### PROVIDED INFORMATION
————

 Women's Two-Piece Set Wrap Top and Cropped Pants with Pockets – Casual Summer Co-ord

————

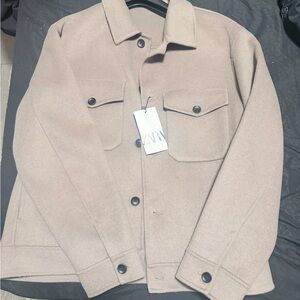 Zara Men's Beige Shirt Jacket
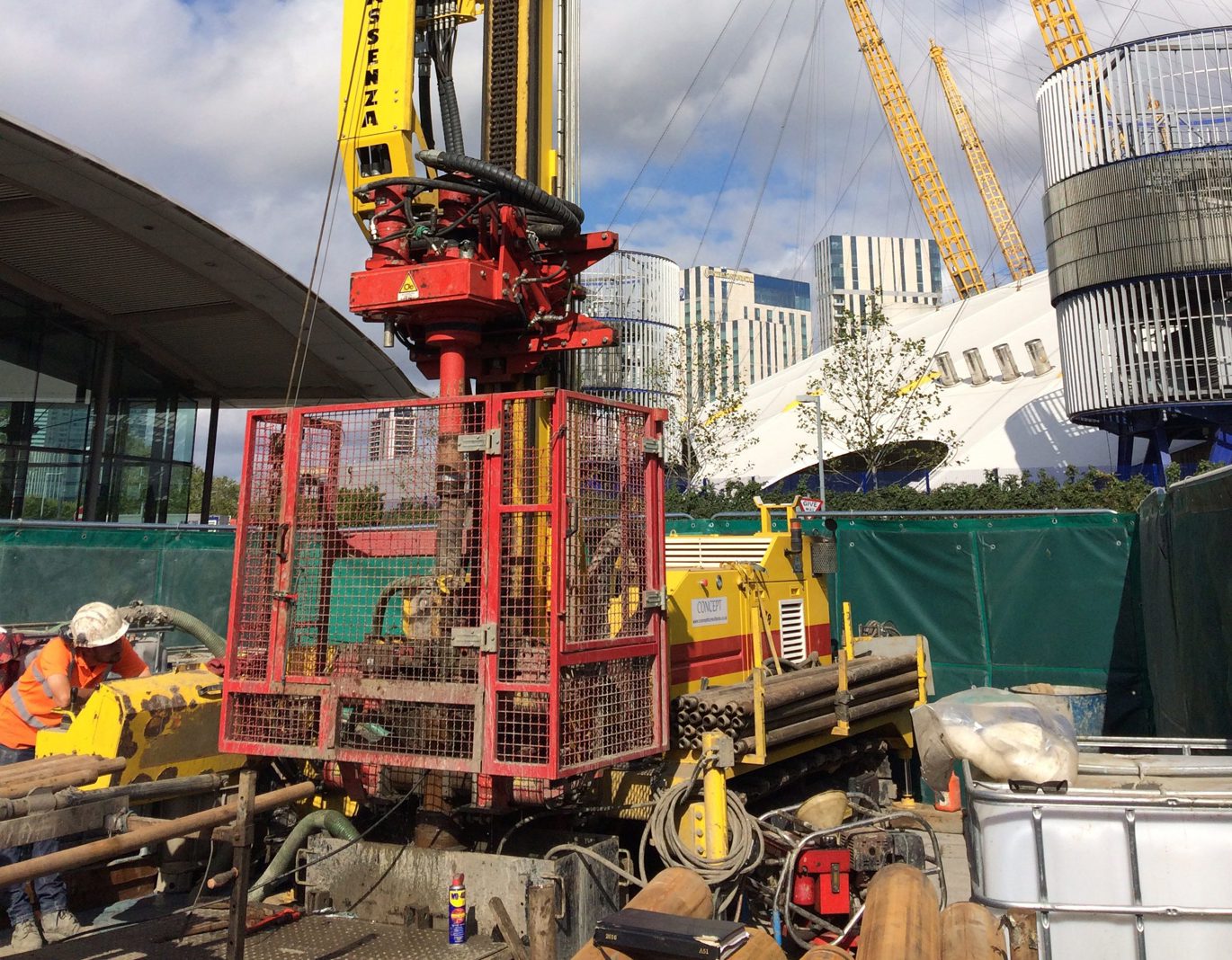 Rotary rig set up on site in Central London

————

### EXERCISE INSTRUCTIONS
Find the line with "Zara Men's Beige Shirt Jacket" and the line with "Rotary rig set up on site in Central London" in the records above. Copy both and all lines between them exactly, without pictures.

### RESPONSE AREA
 Zara Men's Beige Shirt Jacket
 Rotary rig set up on site in Central London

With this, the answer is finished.